In our previous article, we provided a broad overview of the latest Corporate Tax Guide (CTGDTI1) issued by the Federal Tax Authority (FTA) concerning the determination of taxable income. In this article, we will delve into some key takeaways from the guide that are particularly relevant.

Compensation for Connected Persons

The corporate tax law mandates that compensation for connected persons—such as owners, officers, and directors—must be at market value. Initially, we expected the FTA to provide salary brackets based on factors like industry, business type, and revenue. However, the guide clarifies that businesses must evaluate salaries paid to connected persons using the arm’s length principle. This means taxable entities will need to conduct benchmarking studies to ensure the compensation reflects fair market value.

Depreciation, Amortization, and Provisions

The guide confirms that accounting depreciation, amortization, depletion, and provisions are allowed for tax purposes. A key update is that if a provision is created before a person becomes taxable, any reversal of that provision after they become taxable will be subject to tax. For example, a provision made in 2023 but reversed in 2024 will be taxable in 2024. Additionally, provisions made for non-deductible items (e.g., provisions related to ongoing litigation from legal violations) will also be disallowed for tax purposes.

Fines and Penalties

Fines paid for legal violations, such as speeding tickets, are not deductible for corporate tax purposes. However, fines incurred as part of regular business operations, such as penalties for breach of contract, are allowable. This distinction is critical for ensuring that businesses properly account for penalties when calculating taxable income.

Interest Deductibility and Carryforward

For net interest expenses exceeding AED 12 million annually, a taxable person can claim either AED 12 million or 30% of EBITDA (whichever is greater). Any excess interest can be carried forward for up to ten years. It’s important to note that this carryforward will impact future EBITDA adjustments and will be included in the net interest for those periods. Interest expenses that fall outside these limitations are fully deductible and won’t count toward the AED 12 million threshold but will be added back when calculating adjusted EBITDA. The guide provides a detailed example of this application in Case Study 2.

Dividends and Gains Exemptions

Dividends received from resident juridical persons are exempt from tax without conditions. However, dividends from foreign juridical persons are exempt only if the participation exemption criteria are met. Additionally, capital gains, impairment gains, and foreign exchange gains are exempt from corporate tax when participation conditions are fulfilled. Otherwise, these gains will be subject to tax.

Loss Carryforward and Group Loss Transfers

Once the relevant requirements are met, losses can be carried forward indefinitely.
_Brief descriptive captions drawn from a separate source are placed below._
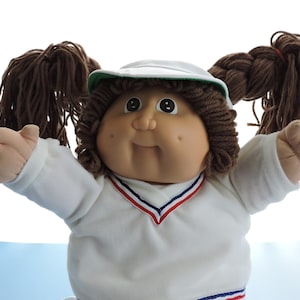 May include: A soft-sculpture doll with brown yarn hair styled in two high pigtails. The doll wears a white long-sleeved shirt with a V-neck featuring red and blue trim, and a white cap with a green brim. The doll has a round face with dark eyes.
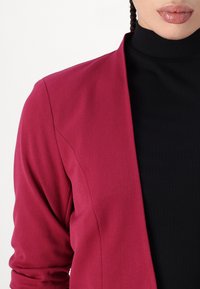 Přiléhavý kardigan s dlouhým rukávem v sytě magentové barvě, který má hladkou texturu a otevřený přední design, vrstvený přes černý žebrovaný top.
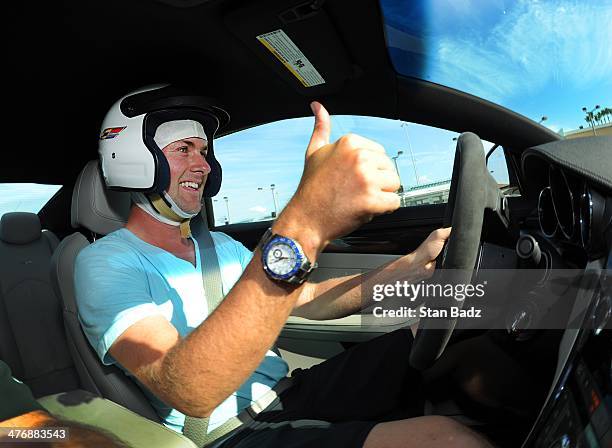 Webb Simpson races his car around the track during the Cadillac V-Series Challenge driving experience at the Homestead-Miami Speedway for the World...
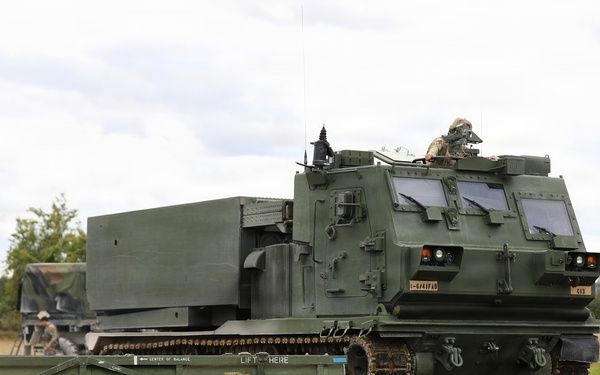 The image shows a tracked military rocket artillery system, identified as an M270 Multiple Launch Rocket System (MLRS), positioned in an open grassy field. Two soldiers in combat uniforms and helmets are visible near the vehicle, with one standing to the right observing and another working near the rear. A rocket pod reload container is positioned on the ground in the foreground with visible safety markings.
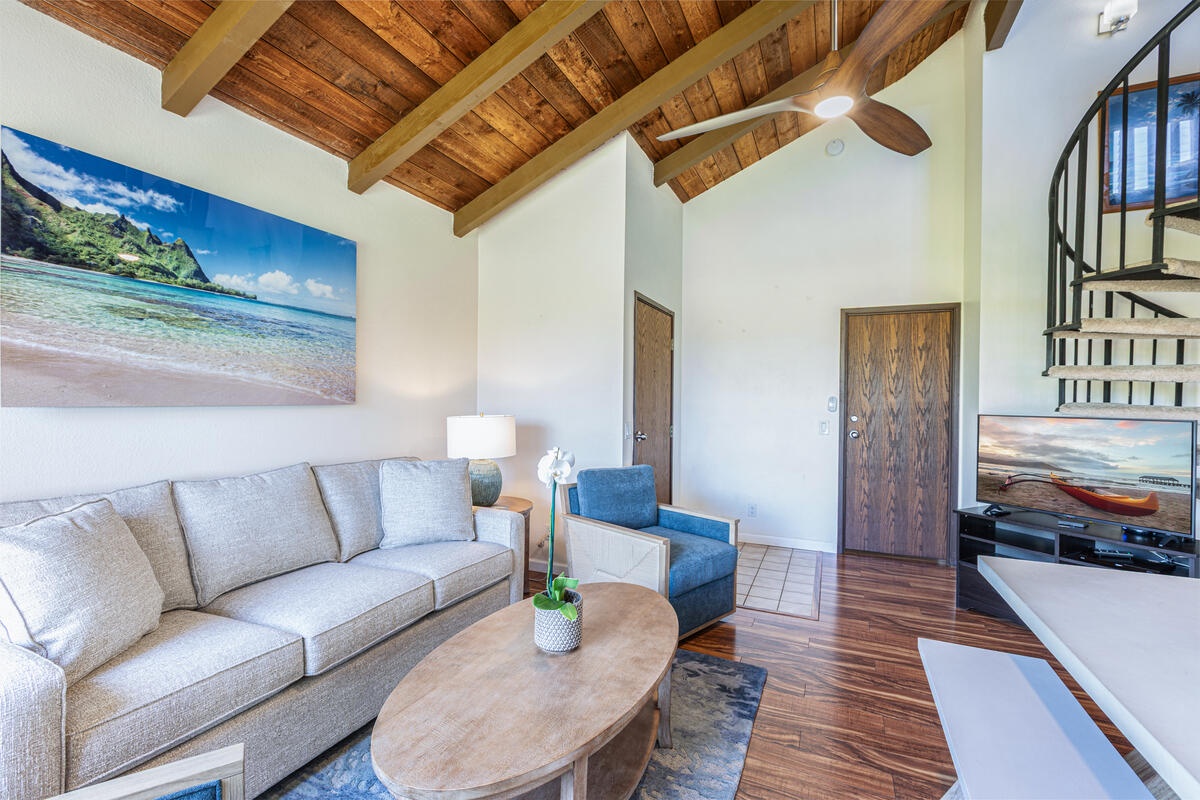 Princeville Vacation Rentals, Hale Ohana Ho'omaka - Comfortable living room with vaulted ceilings and cozy seating. Perfect for relaxing after a day at the beach.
Additionally, in a qualifying group, one taxable person may transfer its losses to another. However, when losses are carried forward or transferred, they can only be offset against up to 75% of the recipient’s taxable income or future taxable profits, leaving 25% subject to tax. The guide provides case studies demonstrating this rule. If the conditions for loss transfer or carryforward—such as group qualification or business continuity—are not met, further loss adjustments will be disallowed until the conditions are satisfied.
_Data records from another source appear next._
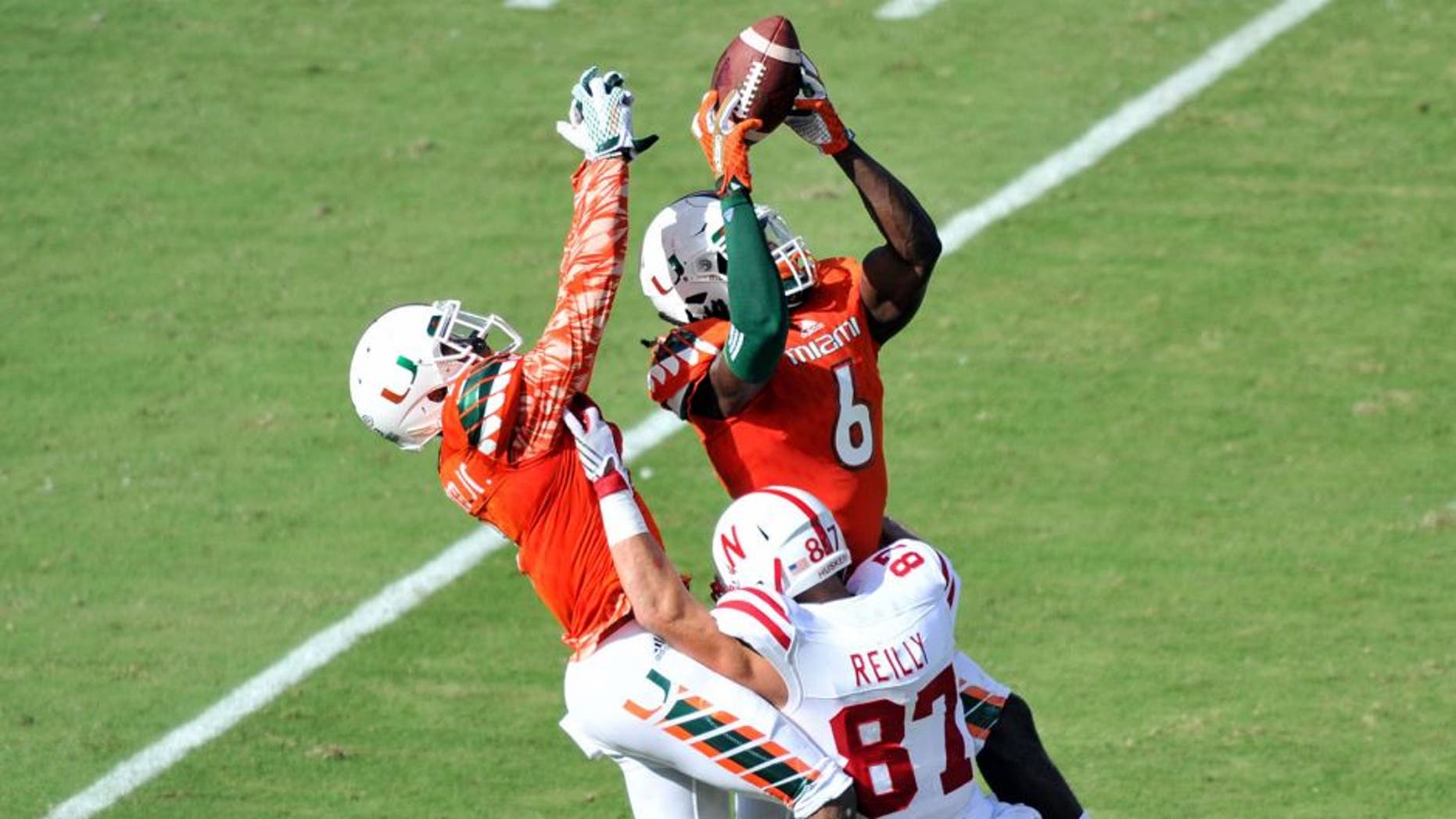 Sep 19, 2015; Miami Gardens, FL, USA; Miami Hurricanes defensive back Jamal Carter (6) is unable to make a catch that was intended for Nebraska Cornhuskers wide receiver Brandon Reilly (87) during the first half at Sun Life Stadium. Mandatory Credit: Steve Mitchell-USA TODAY Sports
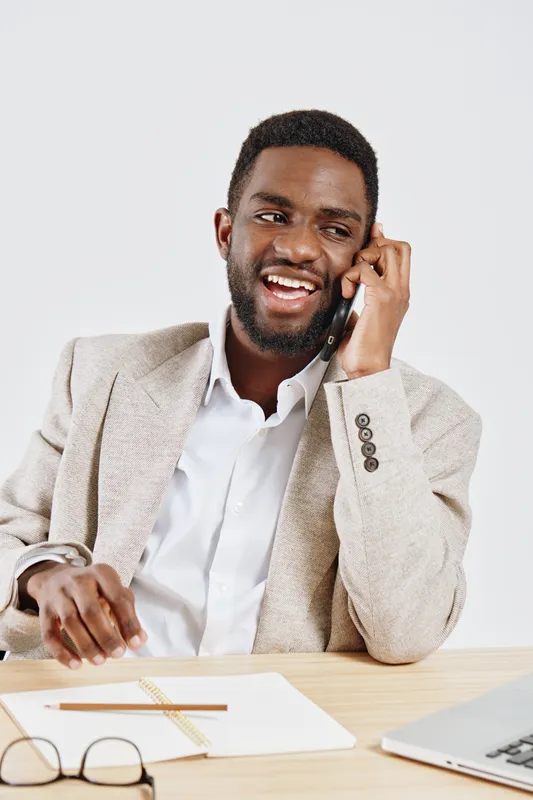 Smiling man talking on mobile phone in office setting, wearing beige blazer and white shirt, working desk with notepad, pen, and glasses, professional mood, indoor environment, natural light.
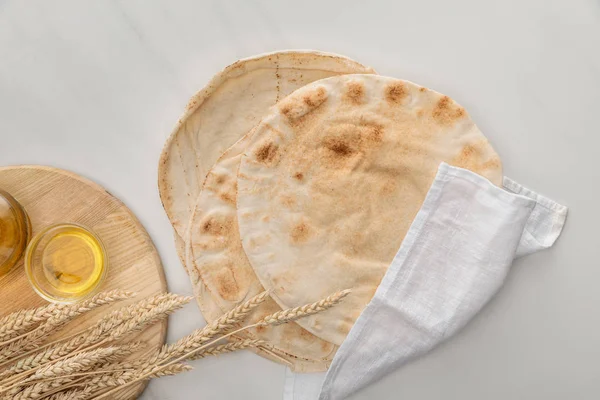 Vue du dessus du pain lavash plat recouvert d'une serviette blanche près de la planche à découper avec des pointes et de l'huile sur la surface du marbre — Photo de stock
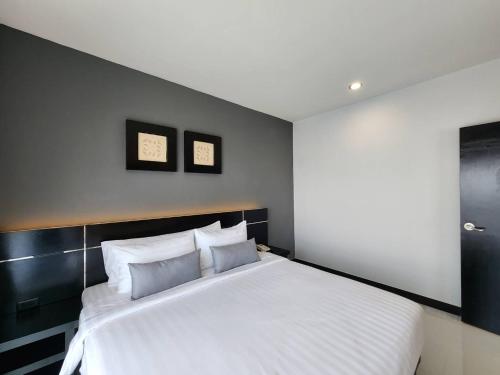 a bedroom with a large white bed with three pillows at LHC HOTEL AND RESORT in Pattaya Central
Pension Fund Contributions

Contributions to private pension funds are allowed up to 15% of an employee’s total remuneration for the relevant tax period. However, these contributions must be paid to be eligible for tax deduction. If the contribution remains unpaid, it will not be allowed, even if it falls within the 15% threshold.
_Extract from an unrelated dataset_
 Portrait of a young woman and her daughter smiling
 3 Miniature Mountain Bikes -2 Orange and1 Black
Withholding and Foreign Tax Credits

The withholding tax credit takes precedence over the foreign tax credit, and the latter cannot exceed the corporate tax due on foreign-source income in the UAE. To claim a foreign tax credit, taxable persons must calculate their foreign income according to UAE tax rules, and foreign tax is determined using a weighted average approach as outlined in the guide.

Final Thoughts

The guide is comprehensive, with numerous case studies that clarify its application. I highly recommend reviewing it for a deeper understanding of corporate tax requirements and their practical implications.